Utopia - Deface the Music
#358
September 24 1980
Utopia
Deface the Music
Genre: Power Pop Beatles Deconstruction
4 out of 5
Highlights:
I Just Want to Touch You
Crystal Ball
Where Does the World Go to Hide
That’s Not Right
We’ve heard a ton of Power Pop this year. And what it all has meant to me is that I apparently love Buddy Holly and the Crickets a LOT more than I previously thought because that’s what all those bands wanted to emulate. Every one of them from Elvis Costello to The Jags to Squeeze to The Late Show and on and on. Their roots are in Buddy. As is the early sounds of The Beatles. There was no Elvis in any of these bands. And that’s a good thing, since Elvis, while great, wasn’t a tunesmith the way Buddy was.

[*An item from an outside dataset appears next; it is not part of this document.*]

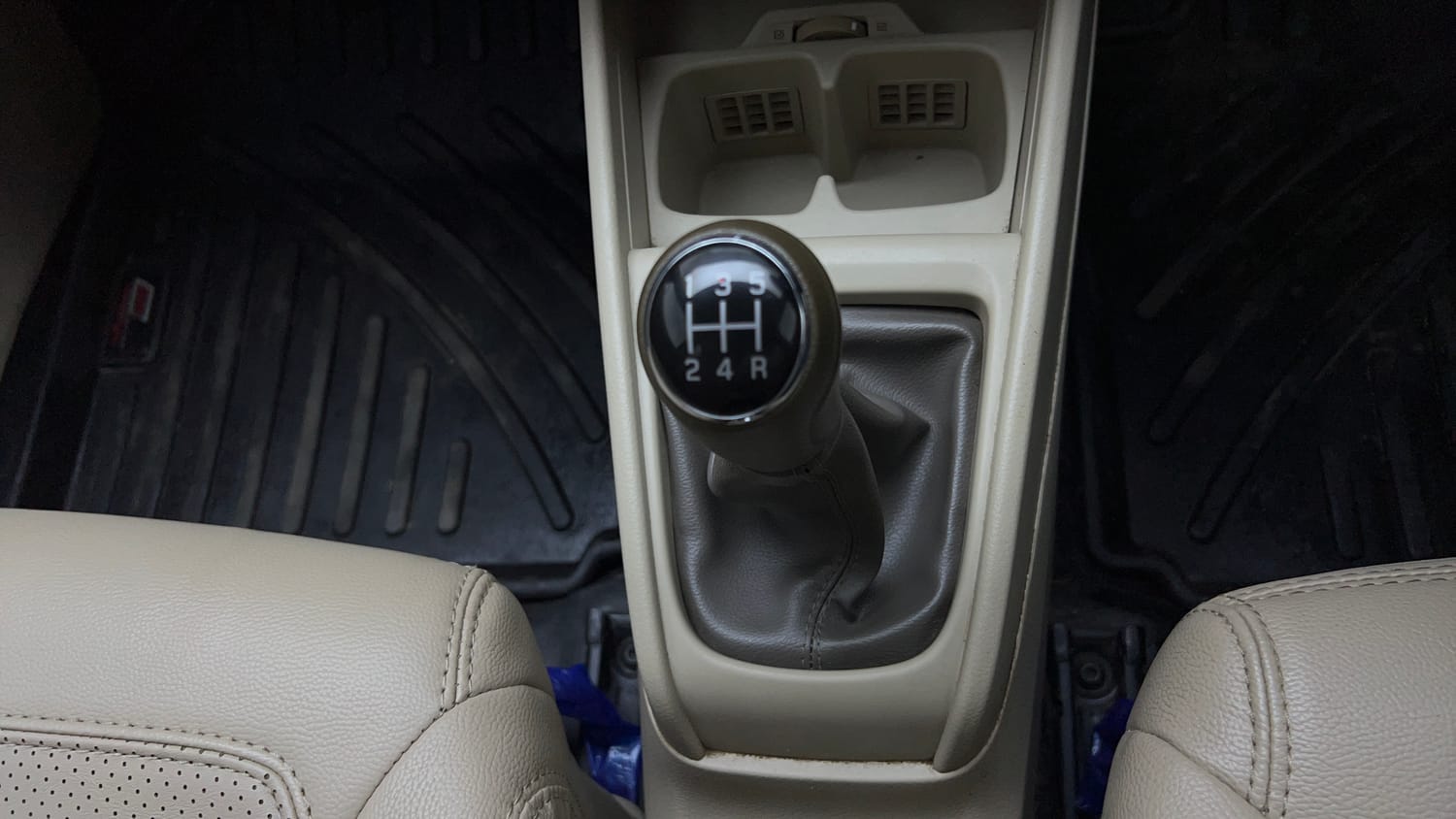 Used 2022 Maruti Suzuki New Ertiga VXi Petrol Manual interior GEAR  KNOB VIEW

And that’s what Todd Rundgren has tapped into with Utopia’s Deface the Music. By interpolating Beatles songs he beats the tar out of John and Paul and shows them for what they were: fantastic interpreters of Buddy Holly and the Crickets’s sound with a great producer to guide them but I have to wonder what might have happened if the Music didn’t die on that flight. What would Buddy have become? Would he have continued his genius? Would he have gone psychedelic? Would he have traveled to the East and created his own Pet Sounds/Sgt. Pepper? What would his music have sounded like in the 70s and 80s, for there is no doubt he would have joined a Traveling Wilburys menagerie and had a career resurgence.
Or perhaps he would have been a popsmith for others, reaping the royalty rewards.
There is a very good chance that scads of bands would have existed in very different forms.
And I’m not sure The Beatles are THE BEATLES cuz, for sure, Buddy would have been the top of the pile.
Is Deface the Music as great a Power Pop Beatles record as much as it is a remarkable deconstruction of the form and a reconstruction? I want to believe it's just an exercise by a cynical pop tunesmith to show everyone that the Emperors clothes belonged to the king of the crickets. But, we all know that each song is an interpretation of Lennon/McCartney tunes following through their career. I mean, “Hoi Poloi” is a warped “Penny Lane” and “Life Goes On” is "Eleanor Rigby"and what it ultimately is is an exercise of “I’m doing this because I can do this.” It gets a little annoying at the end when it gets into that Magical Mystery time, sure, but it’s not long.
And I love it.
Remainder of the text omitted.